Nanomaterials have emerged as an invaluable tool for the delivery of biomolecules such as DNA and RNA, with various applications in genetic engineering and post-transcriptional genetic manipulation. Alongside this development, there has been an increasing use of polymer-based techniques, such as polyethyleneimine (PEI), to electrostatically load polynucleotide cargoes onto nanomaterial carriers. However, there remains a need to assess nanomaterial properties, conjugation conditions, and biocompatibility of these nanomaterial-polymer constructs, particularly for use in plant systems.

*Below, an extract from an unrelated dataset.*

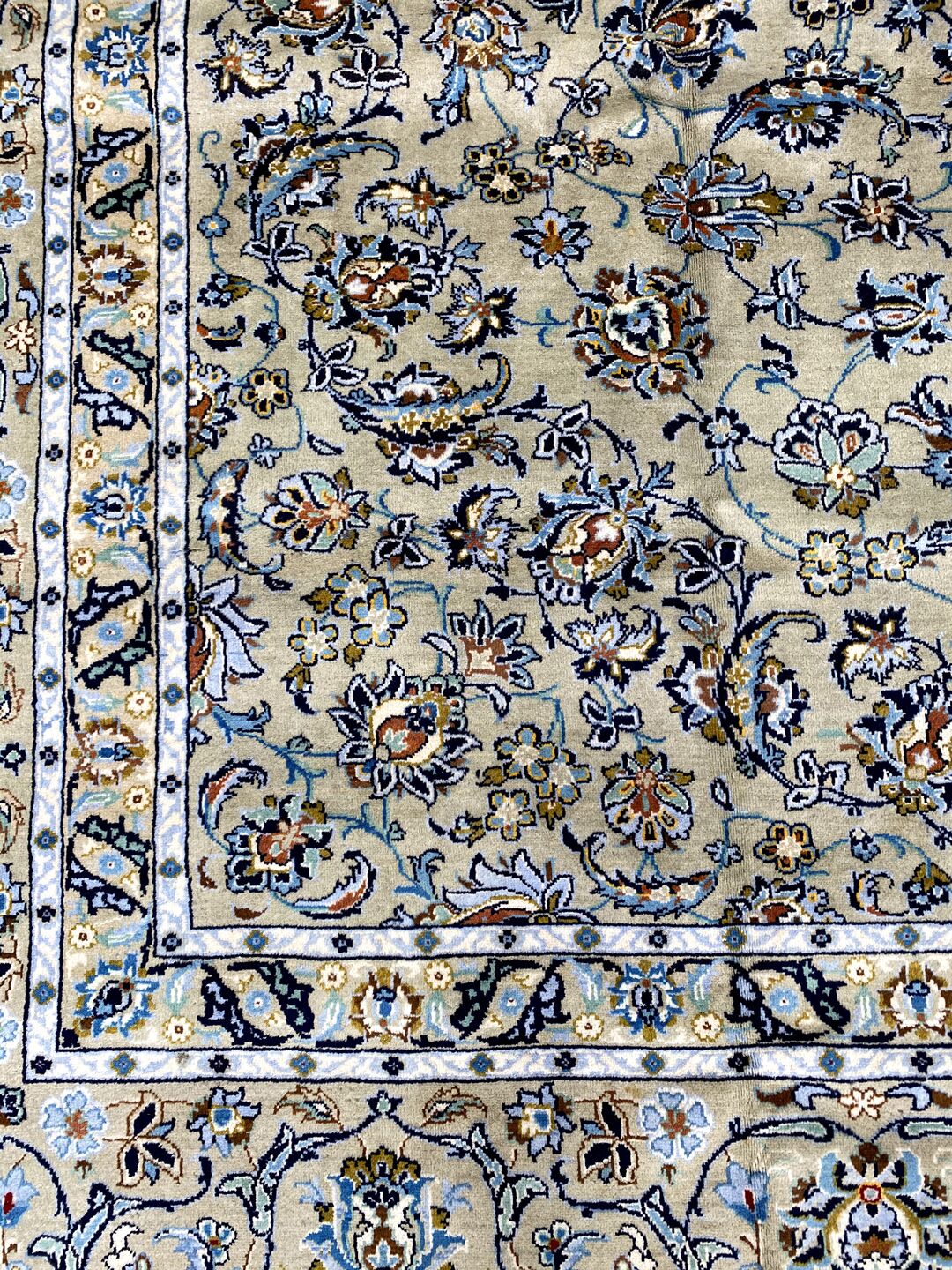 4x3M Signed Pistachio Tone Persian Kashan Rug - Image 5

In this work, we develop mechanisms to optimize DNA loading on single-walled carbon nanotubes (SWNTs) with a library of polymer-SWNT constructs and assess DNA loading ability, polydispersity, and both chemical and colloidal stability. Counterintuitively, we demonstrate that polymer hydrolysis from nanomaterial surfaces can occur depending on polymer properties and attachment chemistries, and describe mitigation strategies against construct degradation. Given the growing interest in delivery applications in plant systems, we also assess the toxicity of polymer-based nanomaterials in plants and provide recommendations for future design of nanomaterial-based polynucleotide delivery strategies.

Competing Interest Statement

The authors have declared no competing interest.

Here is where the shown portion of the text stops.